Cooking produces grease, moisture, heat and smoke that can damage cabinets and walls over time. The use of ventilation is imperative in protecting your cabinets and removing these cooking by-products from the air in your kitchen. Ventilation can be in the form of an updraft range hood or downdraft vent.
With downdraft systems, as shown in this video, a telescopic downdraft vent rises up from the countertop and draws cooking vapours to the back of the cooktop and downward away from the cooking surface. Downdraft ventilation is a great option in installations where an overhead hood is not desired or is not a viable option. Unlike range hoods, downdraft designs often are integrated into the cooking appliance, and they can be aesthetically more pleasing for islands as the vent retracts underneath the countertop to remain unobtrusive when not in use. When needed, the vent raises up from behind the cooktop surface, extending typically 8 – 19 inches, capturing smoke and steam from tall cookpots. The controls for this type of vent can be surface mounted on the countertop at the side of cooktop for ease of access.

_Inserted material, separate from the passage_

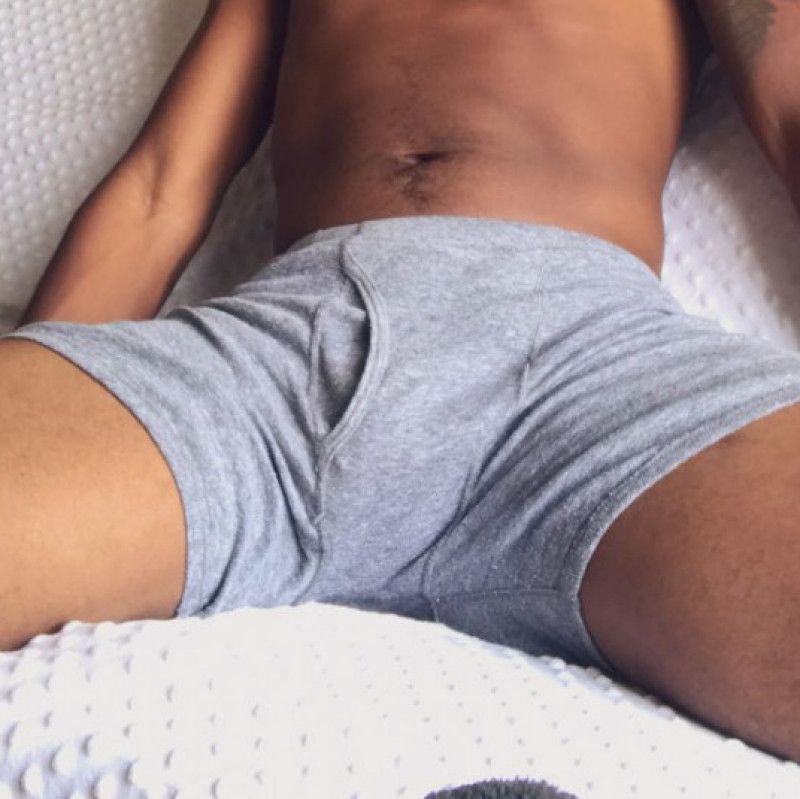Used w Gray boxer briefs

An updraft range hood can be under-cabinet, wall or ceiling mounted. An updraft system basically involves an enclosure positioned above the stove top which extracts cooking by-products and either blows them outside or recirculates them, if ductless, under the hood. These systems are cost-effective because hot air rises. These updraft systems offer sleek designs with flat or lightly curved glass or metal panes that can be tucked away when not in use.
Ductless range hoods filter out grease and some pollutants, but not all. They operate by filtering the air they suck in and then blowing it back out into the room by using a re-circulation process. The filter often contains activated carbon or charcoal which helps to remove odor and smoke particles from the air, which can then be cleanly recirculated back throughout the kitchen. A ductless hood has the advantage of being a bit more versatile and can be installed just about anywhere; therefore, being perhaps more convenient than a ducted system, at least with respect to the installation process.
Ducted range hoods operate by extracting and blowing the moisture, grease, smoke and cooking by-products up through the exhaust duct and out of the house. Ducted hoods tend to be more efficient for getting rid of humidity and steam from the cooking area due to the fact they are not actually filtering and recirculating the air, but rather are venting it out of the kitchen completely. A ducted hood must be installed in an area where there is a duct system that goes from inside the kitchen to the exterior of the home or building. This can potentially limit the areas in the kitchen where you can position your range and hood.
Above all, keep in mind, irrespective of the type of ventilation you choose... it is only effective if you use it!
You should turn the fan on a few minutes before you begin cooking and leave it running for 15 minutes after you finish. Even if only boiling water, a ducted hood will remove unwanted heat and humidity from your kitchen. To ensure optimal efficiency, follow the recommendations supplied from the manufacturer, regularly cleaning the grease filters and/or replacing the charcoal filter.